— What is needed —
Quote the listing below in full and exactly as written, but omit every picture.

— Information provided —
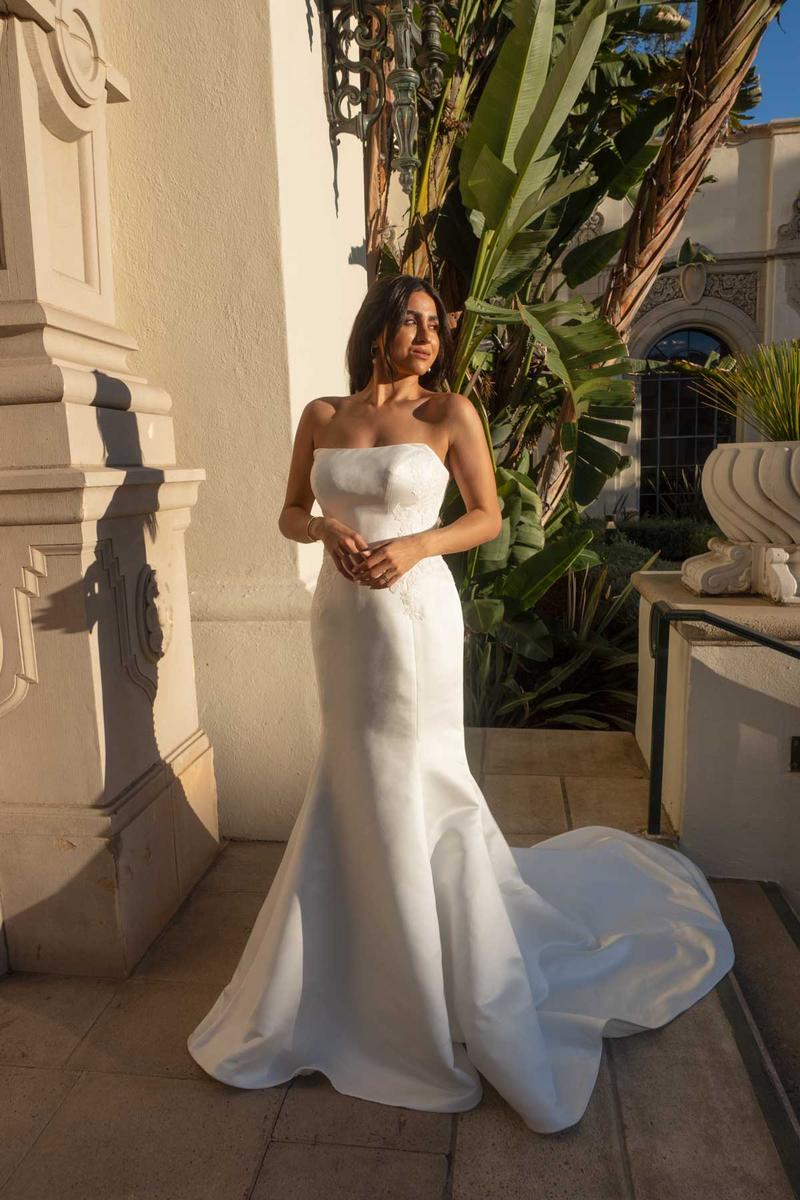 Essense Bridal Collection Style Number D3780 - 4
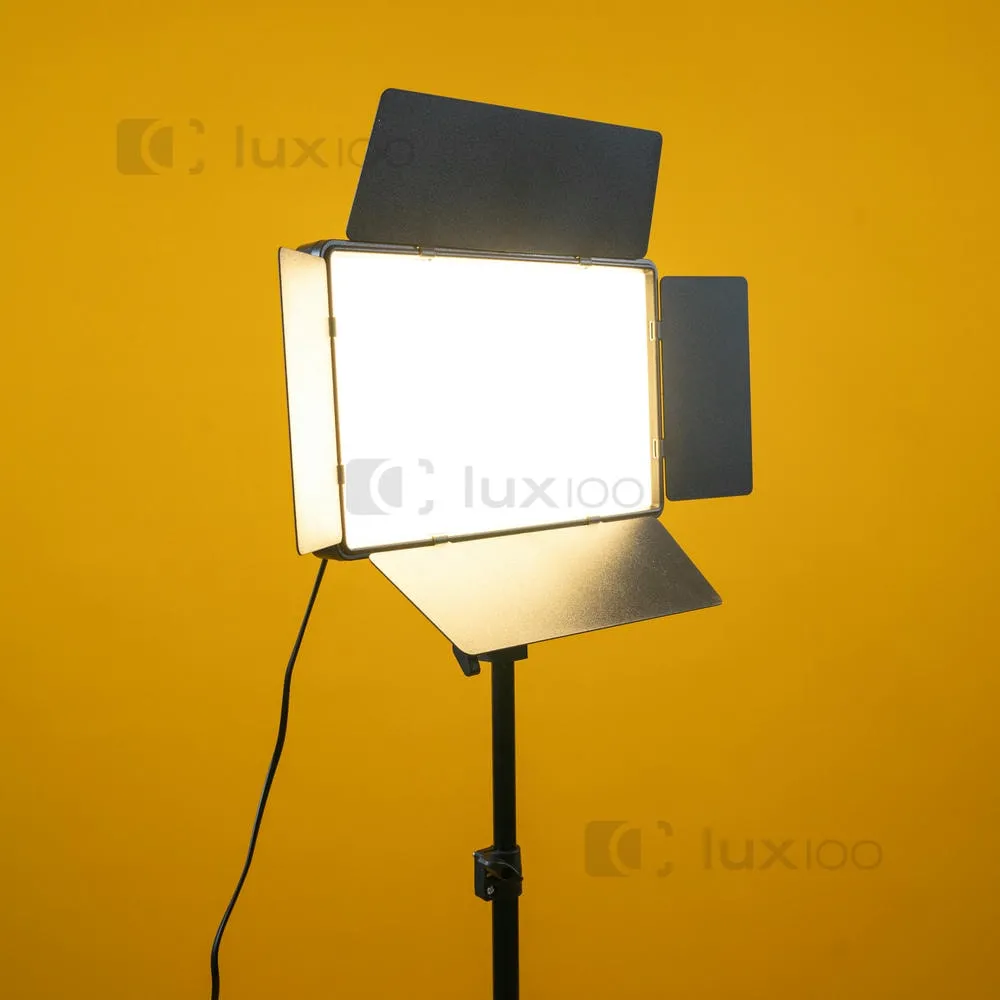 Постійне прямокутне LED відеосвітло 32х19 см з направленням освітлення зі штативом 2.1м Постійне прямокутне LED відеосвітло 32х19 см з направленням освітлення зі штативом 2.1м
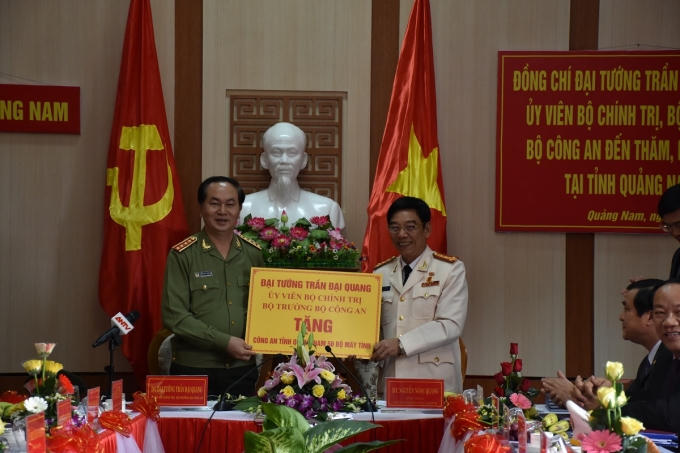 Bộ trưởng tặng (tượng trưng) Công an tỉnh Quảng Nam 50 bộ máy vi tính.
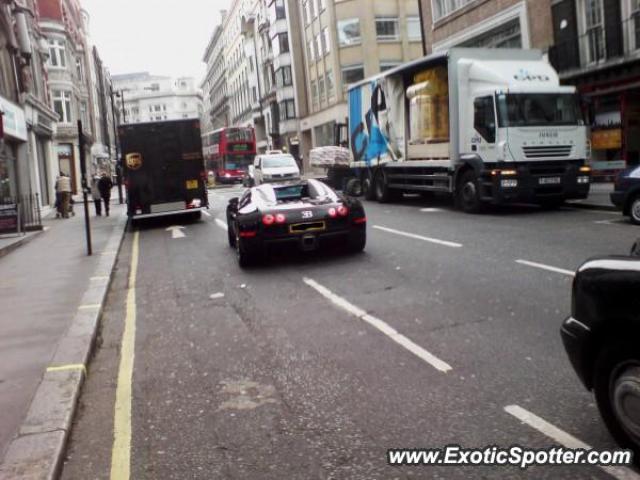 Bugatti Veyron spotted in LONDON, United Kingdom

— Reply to the task —
 Essense Bridal Collection Style Number D3780 - 4
 Постійне прямокутне LED відеосвітло 32х19 см з направленням освітлення зі штативом 2.1м Постійне прямокутне LED відеосвітло 32х19 см з направленням освітлення зі штативом 2.1м
 Bộ trưởng tặng (tượng trưng) Công an tỉnh Quảng Nam 50 bộ máy vi tính.
 Bugatti Veyron spotted in LONDON, United Kingdom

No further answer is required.